Info 64MB V-Cache on 5XXX Zen3 Average +15% in Games

Page 93 - Seeking answers? Join the AnandTech community: where nearly half-a-million members share solutions and discuss the latest tech.

Kedas

Senior member
Dec 6, 2018
355
339
136
Well we know now how they will bridge the long wait to Zen4 on AM5 Q4 2022.
Production start for V-cache is end this year so too early for Zen4 so this is certainly coming to AM4.
+15% Lisa said is "like an entire architectural generation"
 
Last edited:
  • Like
Reactions: Tlh97 and Gideon

Hitman928

Diamond Member
Apr 15, 2012
6,695
12,370
136
Apparently they will fill the void with silicon spacers.


I'm surprised that silicon is the solution.

Yes, they use dummy substrate to match the height of the stacked die. If this is what you were asking before, then I wasn't understanding your question, I thought you were asking about the gap between the top of the stacked dies and the heatspreader.
 

jamescox

Senior member
Nov 11, 2009
644
1,105
136
The wafers are typically around 700 um thick when completed.

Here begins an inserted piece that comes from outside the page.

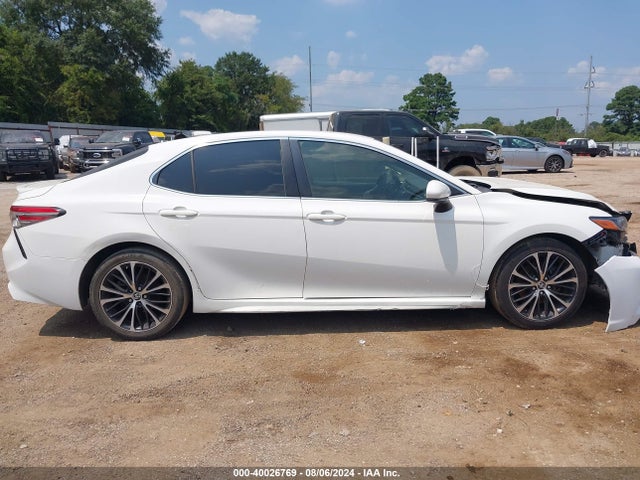 Toyota CAMRY SE 2018 JTNB11HK0J3035604 Image 14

The layers that are used in stacking will have to be thinned to be a part of the process, so if you need to adjust heights to match heights on a bridged IC, it's not a problem. If you get really complex with multiple layers, then you'll obviously need to make sure you plan accordingly, but you shouldn't have a situation where you have different stack heights unless it's on purpose.
I don’t know if the SoIC will actually be used for bridging. The bridges parts will use Elevated FanOut Bridge (possibly TSMC’s InFO-L). This is no where near as dense as SoIC with hybrid bonding, if I understand correctly. EFB will likely be used for AMD GPUs. I am still wondering if it will be used for Bergamo, but without SoIC, it will not be L3 cache. It would need to be L4.
 

Hitman928

Diamond Member
Apr 15, 2012
6,695
12,370
136
I don’t know if the SoIC will actually be used for bridging. The bridges parts will use Elevated FanOut Bridge (possibly TSMC’s InFO-L). This is no where near as dense as SoIC with hybrid bonding, if I understand correctly. EFB will likely be used for AMD GPUs. I am still wondering if it will be used for Bergamo, but without SoIC, it will not be L3 cache. It would need to be L4.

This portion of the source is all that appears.